Parallel Composition of ($\epsilon, \delta$) differential privacy

Question

I know that if there are $n$ functions $M_1, M_2, \cdots, M_n$ computed on disjoint subsets of the private database whose privacy guarantees are $\epsilon_1, \cdots ,\epsilon_n$ differential privacy, respectively, then any function $g$ of them: $g(M_1, \dots,M_n)$ is $$(\max_i \epsilon_i)$$differentially private.

This is known as the Parallel Composition Theorem.

My question is: does this Parellel Composition Theorem extend to $(\epsilon, \delta)$ differential privacy? In other words, is the following statement true?:

If there are $n$ functions $M_1, M_2, \cdots, M_n$ computed on disjoint subsets of the private database whose privacy guarantees are $(\epsilon_1, \delta_1), \cdots ,(\epsilon_n, \delta_n)$ differential privacy, respectively, then any function $g$ of them: $g(M_1, \dots,M_n)$ is $$(\max_i \epsilon_i, \max_i \delta_i)$$differentially private.
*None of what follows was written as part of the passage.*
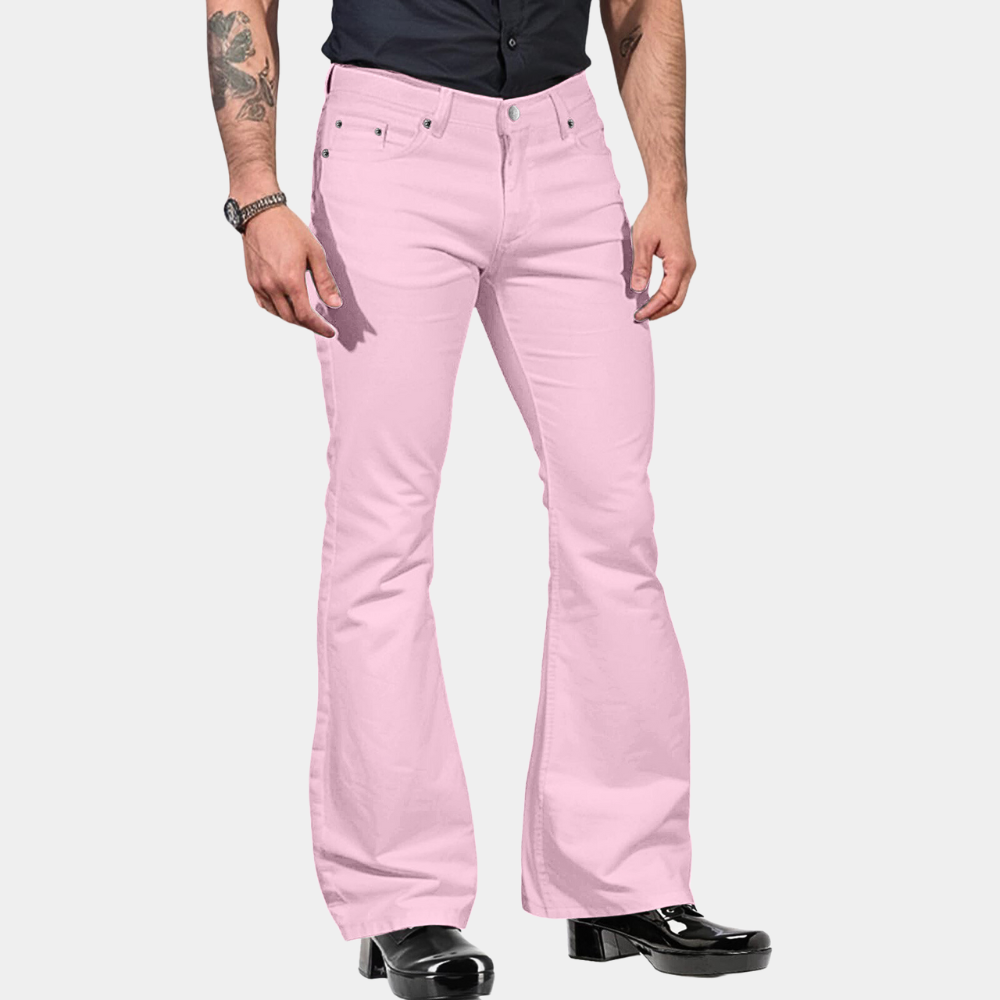 Roze retro flare broek voor heren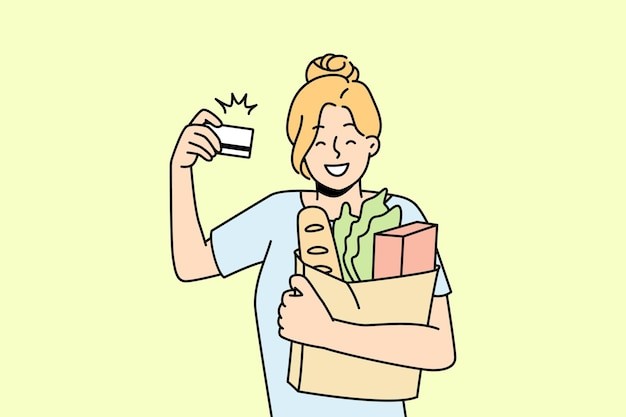 信用卡购物的女人描边插画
If this statement is NOT true, then what bounds are there are on the privacy of the composition function $g$.

Answer 1

Your conjecture seems correct. If the sets are disjoint then the mapping $\bar{M} = (M_1,\dots,M_n)$ is $(\max(\epsilon_i),\max(\delta_i))$-DP. Note that for every database $D$ and any $x$, $\bar{M}(D)$ differs from $\bar{M}(D\setminus {x})$ in only one coordinate by the disjoint assumption, w.l.o.g., they differ in the $j$'th coordinate. Therefore, the difference between the density functions of $\bar{M}(D)$ and $\bar{M}(D\setminus {x})$ is the same as the difference between $M_j(D)$ and $M_j(D\setminus {x})$.

Answer 2

For a proof of the case with $n=2$ (which generalizes to arbitrary $n \in \mathbb{N}$ by induction):

Let $x = x_1 \sqcup x_2, y = y_1 \sqcup y_2$ such that $x \sim y$.
Since $x \sim y$ (i.e. they differ by at most one entry) we have without loss of generality that $x_1 = y_1$.
Then for any Borel set $B = B_1 \times B_2$ and query $M = (M_1, M_2)$:

\begin{align*} P(M(x, Z) \in B) &= P(M_1(x_1, Z_1) \in B_1) P(M_2(x_2, Z_2) \in B_2)\\ &= P(M_1(y_1, Z_1) \in B_1) P(M_2(x_2, Z_2) \in B_2) & \text{since $x_1 = y_1$}\\ &\leq P(M_1(y_1, Z_1) \in B_1) (e^{\epsilon_2} P(M_2(x_2, Z_2) \in B_2) + \delta_2) & \text{$M_2$ is $(\epsilon_2, \delta_2)$-DP}\\ &= e^{\epsilon_2} P(M(y, Z) \in B) + \delta_2 & \text{since $P(x) \leq 1$}\\ &\leq e^{\max\{\epsilon_1, \epsilon_2\}} P(M(y, Z) \in B) + \max\{\delta_1, \delta_2\} \end{align*} i.e. $M$ is $$(\max\{\epsilon_1, \epsilon_2\}, \max\{\delta_1, \delta_2\})$$ approximately differentially private.